=== Begin Enclosure ===

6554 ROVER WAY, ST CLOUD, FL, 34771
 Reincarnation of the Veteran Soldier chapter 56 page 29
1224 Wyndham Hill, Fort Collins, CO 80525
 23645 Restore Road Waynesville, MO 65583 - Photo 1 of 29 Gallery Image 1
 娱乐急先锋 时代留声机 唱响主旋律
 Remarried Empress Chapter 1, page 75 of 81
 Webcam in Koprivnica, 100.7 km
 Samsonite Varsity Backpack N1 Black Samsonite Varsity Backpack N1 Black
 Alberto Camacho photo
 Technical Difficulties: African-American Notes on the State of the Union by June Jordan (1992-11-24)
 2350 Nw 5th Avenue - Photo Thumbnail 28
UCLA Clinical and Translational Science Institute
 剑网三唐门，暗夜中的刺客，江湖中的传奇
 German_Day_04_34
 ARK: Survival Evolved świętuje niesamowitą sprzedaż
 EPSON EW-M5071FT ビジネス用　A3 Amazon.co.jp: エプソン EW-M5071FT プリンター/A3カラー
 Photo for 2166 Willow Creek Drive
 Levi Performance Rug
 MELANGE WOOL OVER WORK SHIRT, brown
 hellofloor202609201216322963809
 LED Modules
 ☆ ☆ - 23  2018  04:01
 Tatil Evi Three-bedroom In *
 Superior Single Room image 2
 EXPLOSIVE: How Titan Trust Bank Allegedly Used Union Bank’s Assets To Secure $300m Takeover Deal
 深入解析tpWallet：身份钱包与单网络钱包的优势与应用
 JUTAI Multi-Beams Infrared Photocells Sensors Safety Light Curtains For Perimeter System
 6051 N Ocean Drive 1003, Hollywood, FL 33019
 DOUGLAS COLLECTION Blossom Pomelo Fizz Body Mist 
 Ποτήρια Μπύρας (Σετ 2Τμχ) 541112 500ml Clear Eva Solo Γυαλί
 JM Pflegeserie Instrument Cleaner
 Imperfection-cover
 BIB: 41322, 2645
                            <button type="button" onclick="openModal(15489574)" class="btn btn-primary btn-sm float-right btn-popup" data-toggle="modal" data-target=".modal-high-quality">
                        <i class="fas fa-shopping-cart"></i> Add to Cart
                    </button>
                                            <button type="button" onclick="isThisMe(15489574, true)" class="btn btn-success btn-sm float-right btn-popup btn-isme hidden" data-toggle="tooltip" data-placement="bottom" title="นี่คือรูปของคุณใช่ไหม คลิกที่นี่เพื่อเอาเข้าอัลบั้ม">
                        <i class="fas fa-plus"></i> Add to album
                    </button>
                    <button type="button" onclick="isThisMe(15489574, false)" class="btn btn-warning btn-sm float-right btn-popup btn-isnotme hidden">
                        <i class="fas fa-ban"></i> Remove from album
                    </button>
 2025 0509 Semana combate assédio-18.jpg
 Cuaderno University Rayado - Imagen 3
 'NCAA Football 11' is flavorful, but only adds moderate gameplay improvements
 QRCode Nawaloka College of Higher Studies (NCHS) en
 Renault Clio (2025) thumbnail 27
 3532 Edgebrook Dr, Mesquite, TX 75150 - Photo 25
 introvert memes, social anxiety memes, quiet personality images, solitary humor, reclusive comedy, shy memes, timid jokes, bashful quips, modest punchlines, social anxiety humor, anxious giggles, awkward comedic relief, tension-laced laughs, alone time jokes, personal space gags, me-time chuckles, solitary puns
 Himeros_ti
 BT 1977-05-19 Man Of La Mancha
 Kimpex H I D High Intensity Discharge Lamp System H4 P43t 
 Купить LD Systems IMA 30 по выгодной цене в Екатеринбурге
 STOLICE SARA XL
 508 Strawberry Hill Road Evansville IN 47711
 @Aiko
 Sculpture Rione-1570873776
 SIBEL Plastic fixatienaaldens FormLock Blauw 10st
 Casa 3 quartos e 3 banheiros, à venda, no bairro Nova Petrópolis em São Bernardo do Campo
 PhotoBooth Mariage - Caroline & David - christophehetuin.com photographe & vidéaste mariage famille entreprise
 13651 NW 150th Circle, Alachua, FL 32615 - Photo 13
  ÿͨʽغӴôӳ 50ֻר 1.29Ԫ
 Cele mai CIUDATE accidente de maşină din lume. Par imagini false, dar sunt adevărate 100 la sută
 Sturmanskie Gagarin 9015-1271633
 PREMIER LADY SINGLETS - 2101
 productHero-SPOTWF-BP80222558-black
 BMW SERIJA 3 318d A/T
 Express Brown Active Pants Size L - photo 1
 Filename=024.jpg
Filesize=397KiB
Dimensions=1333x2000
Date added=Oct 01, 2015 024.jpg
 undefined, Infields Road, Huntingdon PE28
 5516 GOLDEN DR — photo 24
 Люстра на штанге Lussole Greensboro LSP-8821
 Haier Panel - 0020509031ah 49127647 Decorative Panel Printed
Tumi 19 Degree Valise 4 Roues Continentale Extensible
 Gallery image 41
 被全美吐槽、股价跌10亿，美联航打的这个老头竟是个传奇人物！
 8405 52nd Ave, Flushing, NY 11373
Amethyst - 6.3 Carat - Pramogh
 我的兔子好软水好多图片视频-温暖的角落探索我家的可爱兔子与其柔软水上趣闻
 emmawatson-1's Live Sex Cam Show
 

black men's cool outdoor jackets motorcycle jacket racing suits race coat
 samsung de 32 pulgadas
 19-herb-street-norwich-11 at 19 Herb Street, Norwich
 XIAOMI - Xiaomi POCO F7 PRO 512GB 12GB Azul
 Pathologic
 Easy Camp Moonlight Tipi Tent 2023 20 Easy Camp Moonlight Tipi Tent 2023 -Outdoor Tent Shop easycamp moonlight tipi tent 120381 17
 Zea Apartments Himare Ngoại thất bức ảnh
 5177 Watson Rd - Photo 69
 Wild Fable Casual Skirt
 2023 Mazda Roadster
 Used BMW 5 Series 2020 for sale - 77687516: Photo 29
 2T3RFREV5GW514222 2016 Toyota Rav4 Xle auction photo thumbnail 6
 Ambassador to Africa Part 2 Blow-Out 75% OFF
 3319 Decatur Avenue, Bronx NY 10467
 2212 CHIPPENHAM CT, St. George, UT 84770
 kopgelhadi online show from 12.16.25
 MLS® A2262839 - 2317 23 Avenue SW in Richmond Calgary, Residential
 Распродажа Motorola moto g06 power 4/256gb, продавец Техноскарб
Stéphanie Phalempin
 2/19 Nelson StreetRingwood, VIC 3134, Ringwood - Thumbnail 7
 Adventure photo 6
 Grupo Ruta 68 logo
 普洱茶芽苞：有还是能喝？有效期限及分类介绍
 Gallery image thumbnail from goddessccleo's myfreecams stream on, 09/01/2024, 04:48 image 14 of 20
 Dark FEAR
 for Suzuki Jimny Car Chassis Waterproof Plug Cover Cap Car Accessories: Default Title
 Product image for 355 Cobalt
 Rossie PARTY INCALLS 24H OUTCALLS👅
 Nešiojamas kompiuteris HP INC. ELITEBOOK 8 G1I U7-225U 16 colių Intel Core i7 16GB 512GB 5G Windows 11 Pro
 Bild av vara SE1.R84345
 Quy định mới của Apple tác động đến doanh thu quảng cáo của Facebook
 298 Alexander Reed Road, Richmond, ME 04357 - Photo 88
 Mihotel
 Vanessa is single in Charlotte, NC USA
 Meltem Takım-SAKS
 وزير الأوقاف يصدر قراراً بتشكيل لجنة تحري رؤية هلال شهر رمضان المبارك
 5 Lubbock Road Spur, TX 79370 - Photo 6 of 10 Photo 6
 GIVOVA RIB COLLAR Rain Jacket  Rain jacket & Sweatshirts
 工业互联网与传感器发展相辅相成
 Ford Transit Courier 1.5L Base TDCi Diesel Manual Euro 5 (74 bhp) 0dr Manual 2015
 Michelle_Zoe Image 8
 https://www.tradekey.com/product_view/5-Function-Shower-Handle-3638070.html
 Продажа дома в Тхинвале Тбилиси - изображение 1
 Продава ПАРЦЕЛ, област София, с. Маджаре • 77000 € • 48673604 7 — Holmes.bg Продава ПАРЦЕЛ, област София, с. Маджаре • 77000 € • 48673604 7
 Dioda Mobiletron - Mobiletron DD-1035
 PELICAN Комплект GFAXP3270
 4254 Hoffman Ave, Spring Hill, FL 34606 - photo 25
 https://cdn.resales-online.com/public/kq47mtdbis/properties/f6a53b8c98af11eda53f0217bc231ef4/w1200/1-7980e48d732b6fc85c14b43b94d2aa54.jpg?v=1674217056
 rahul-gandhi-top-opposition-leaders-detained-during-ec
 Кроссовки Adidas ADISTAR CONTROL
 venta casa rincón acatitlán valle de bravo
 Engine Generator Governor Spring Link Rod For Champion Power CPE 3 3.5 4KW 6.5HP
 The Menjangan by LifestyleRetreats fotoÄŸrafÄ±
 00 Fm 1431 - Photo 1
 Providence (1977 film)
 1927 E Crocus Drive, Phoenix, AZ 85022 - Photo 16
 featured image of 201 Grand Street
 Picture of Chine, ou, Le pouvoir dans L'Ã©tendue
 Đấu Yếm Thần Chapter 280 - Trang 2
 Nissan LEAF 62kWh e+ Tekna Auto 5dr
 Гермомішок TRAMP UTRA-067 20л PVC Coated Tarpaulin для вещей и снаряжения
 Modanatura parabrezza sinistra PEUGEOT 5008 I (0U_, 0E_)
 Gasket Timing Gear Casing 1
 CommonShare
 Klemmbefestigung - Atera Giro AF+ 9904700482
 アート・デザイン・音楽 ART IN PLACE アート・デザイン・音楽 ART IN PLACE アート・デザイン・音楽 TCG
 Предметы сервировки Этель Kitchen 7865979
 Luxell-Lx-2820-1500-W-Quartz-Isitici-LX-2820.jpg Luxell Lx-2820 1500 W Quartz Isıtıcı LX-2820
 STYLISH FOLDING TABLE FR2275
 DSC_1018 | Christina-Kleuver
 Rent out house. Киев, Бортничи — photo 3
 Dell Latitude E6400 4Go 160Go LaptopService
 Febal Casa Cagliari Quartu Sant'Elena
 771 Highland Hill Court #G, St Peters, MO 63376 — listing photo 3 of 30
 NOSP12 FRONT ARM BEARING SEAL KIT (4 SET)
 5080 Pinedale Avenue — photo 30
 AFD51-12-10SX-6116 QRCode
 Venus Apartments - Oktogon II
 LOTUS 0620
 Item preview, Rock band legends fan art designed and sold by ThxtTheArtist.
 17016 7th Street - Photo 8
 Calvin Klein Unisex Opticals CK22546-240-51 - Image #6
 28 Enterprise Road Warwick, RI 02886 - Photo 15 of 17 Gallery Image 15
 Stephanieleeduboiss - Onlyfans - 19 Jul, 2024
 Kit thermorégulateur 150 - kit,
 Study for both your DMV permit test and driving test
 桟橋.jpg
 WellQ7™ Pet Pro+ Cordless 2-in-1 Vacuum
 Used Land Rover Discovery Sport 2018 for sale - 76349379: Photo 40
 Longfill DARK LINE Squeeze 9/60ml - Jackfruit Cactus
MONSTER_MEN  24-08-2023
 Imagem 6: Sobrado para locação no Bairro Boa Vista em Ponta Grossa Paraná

=== End Enclosure ===

Return all lines from the data above with "Apartments" in them.

Your solution
 Zea Apartments Himare Ngoại thất bức ảnh
 Venus Apartments - Oktogon II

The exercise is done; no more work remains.